Airside meds in T1 matter more than you’d think
In Bahrain’s compact T1, once you pass security, the Pharmacy is your main stop for painkillers, cold meds, bandages, and basic health items without backtracking to landside. Travellers mention it in the same breath as the T1 prayer rooms as one of the “essential services” the new terminal finally fixed compared with the old building. Expect standard OTC brands at typical Gulf-airport markups, not downtown bargains, but still cheaper than suffering through a 6‑hour Gulf Air sector to London or Manila without meds.
The Pharmacy sits airside in T1, so you can reach it after passport control and security but before most long‑haul gates. Stock tends to cover the usual travel problems: headache tablets, stomach and motion sickness remedies, saline and contact lens solution, plasters, basic first‑aid cream, and a small shelf of travel‑size hygiene items that work in a 100 ml liquids bag. Don’t expect full prescription services or a huge cosmetics wall; this is about function, not browsing.

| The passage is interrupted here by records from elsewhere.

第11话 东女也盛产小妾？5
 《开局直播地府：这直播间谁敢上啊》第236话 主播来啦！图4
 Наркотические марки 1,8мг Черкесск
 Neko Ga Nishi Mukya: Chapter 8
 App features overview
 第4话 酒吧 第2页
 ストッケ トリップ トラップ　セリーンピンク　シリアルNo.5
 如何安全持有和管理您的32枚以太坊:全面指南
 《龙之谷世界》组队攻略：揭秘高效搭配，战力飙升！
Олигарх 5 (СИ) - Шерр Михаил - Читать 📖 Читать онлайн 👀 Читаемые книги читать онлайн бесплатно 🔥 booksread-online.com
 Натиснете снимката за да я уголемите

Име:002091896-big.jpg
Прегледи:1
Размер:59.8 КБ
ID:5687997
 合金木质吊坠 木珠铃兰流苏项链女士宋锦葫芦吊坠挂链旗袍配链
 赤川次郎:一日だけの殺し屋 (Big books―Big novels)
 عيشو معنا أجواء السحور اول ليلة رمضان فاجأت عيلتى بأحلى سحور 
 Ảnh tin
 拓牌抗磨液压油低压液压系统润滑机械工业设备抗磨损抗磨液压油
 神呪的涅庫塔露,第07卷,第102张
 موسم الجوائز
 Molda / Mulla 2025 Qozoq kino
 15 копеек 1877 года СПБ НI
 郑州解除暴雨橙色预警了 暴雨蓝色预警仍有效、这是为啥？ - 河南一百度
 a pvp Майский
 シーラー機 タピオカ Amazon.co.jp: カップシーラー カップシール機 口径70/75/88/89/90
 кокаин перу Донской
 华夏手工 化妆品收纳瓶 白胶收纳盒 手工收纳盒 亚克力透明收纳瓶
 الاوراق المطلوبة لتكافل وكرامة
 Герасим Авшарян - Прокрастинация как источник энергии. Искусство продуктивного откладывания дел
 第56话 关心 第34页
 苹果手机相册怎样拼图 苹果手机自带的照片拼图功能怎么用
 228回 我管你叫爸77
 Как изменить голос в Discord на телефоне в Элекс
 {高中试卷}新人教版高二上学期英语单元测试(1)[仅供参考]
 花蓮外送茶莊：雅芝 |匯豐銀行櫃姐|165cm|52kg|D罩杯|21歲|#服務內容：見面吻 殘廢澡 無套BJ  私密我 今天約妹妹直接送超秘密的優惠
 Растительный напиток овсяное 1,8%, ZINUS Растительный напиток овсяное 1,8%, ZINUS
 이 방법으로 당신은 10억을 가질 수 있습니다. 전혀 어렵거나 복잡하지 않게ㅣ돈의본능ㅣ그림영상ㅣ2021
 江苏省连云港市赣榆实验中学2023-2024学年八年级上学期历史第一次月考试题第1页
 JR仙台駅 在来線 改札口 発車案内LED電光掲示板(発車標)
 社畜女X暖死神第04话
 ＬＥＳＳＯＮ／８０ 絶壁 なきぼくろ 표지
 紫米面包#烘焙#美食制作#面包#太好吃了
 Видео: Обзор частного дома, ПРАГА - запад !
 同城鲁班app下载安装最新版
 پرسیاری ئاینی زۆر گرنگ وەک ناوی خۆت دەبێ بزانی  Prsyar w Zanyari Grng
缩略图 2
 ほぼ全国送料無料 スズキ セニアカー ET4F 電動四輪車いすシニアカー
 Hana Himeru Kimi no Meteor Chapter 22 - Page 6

Hours generally track peak bank waves, roughly in line with Gulf Air departures through the middle of the night and daytime European flights, but can be patchy outside those windows, so don’t leave it to the last five minutes before boarding at a remote gate. One practical move: do a quick inventory of painkillers, stomach meds, and kids’ medicine while you’re still in T1’s central duty free area, then hit the Pharmacy once, instead of realizing you’re short when you already walked to a far gate.